## ENTRIES SUPPLIED
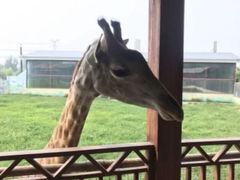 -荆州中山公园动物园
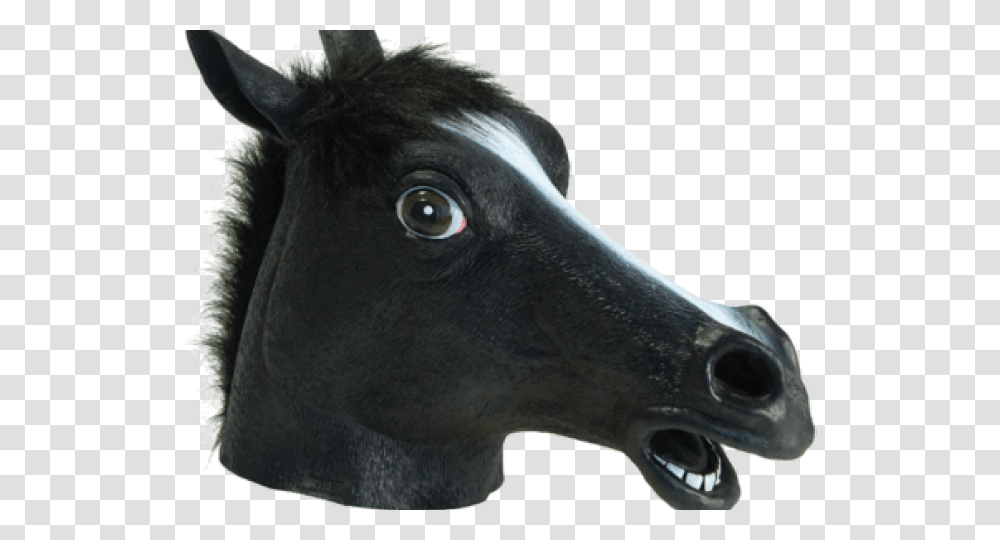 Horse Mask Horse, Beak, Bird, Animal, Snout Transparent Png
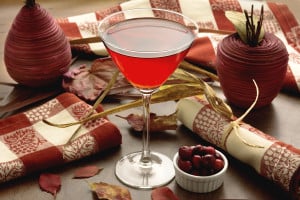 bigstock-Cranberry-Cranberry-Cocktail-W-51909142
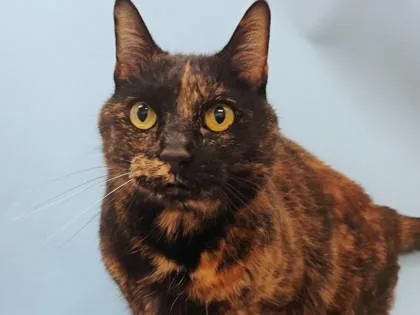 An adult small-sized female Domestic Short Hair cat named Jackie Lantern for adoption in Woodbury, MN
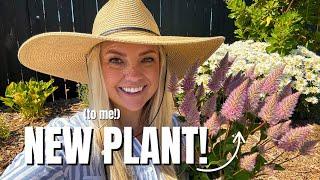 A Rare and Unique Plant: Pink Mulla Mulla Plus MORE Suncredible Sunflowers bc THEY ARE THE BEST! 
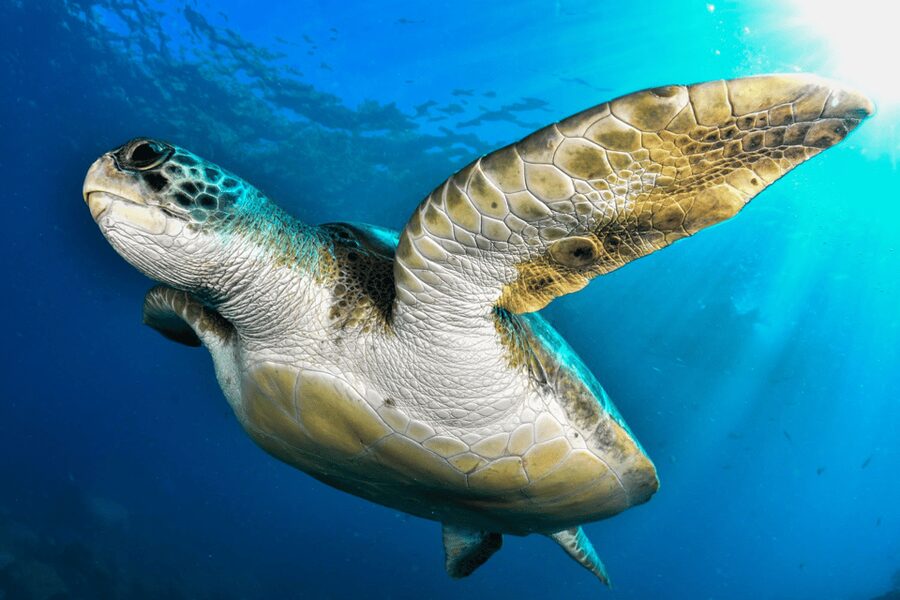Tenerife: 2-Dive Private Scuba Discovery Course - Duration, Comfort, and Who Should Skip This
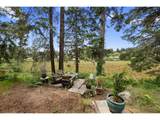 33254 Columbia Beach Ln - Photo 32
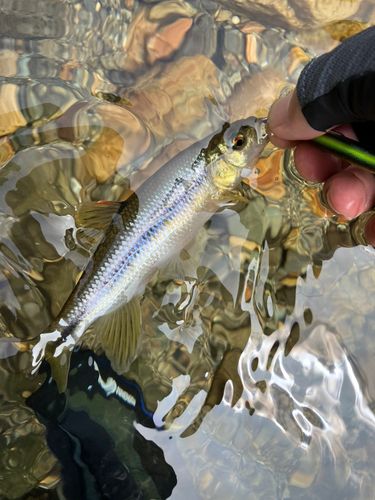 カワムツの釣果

## THE TASK
Only the lines from the one containing "An adult small-sized" through the last line of the data belong in the copy, both included and reproduced exactly. Pictures do not.

## SOLUTION TO THIS EXERCISE
 An adult small-sized female Domestic Short Hair cat named Jackie Lantern for adoption in Woodbury, MN
 A Rare and Unique Plant: Pink Mulla Mulla Plus MORE Suncredible Sunflowers bc THEY ARE THE BEST! 
Tenerife: 2-Dive Private Scuba Discovery Course - Duration, Comfort, and Who Should Skip This
 33254 Columbia Beach Ln - Photo 32
 カワムツの釣果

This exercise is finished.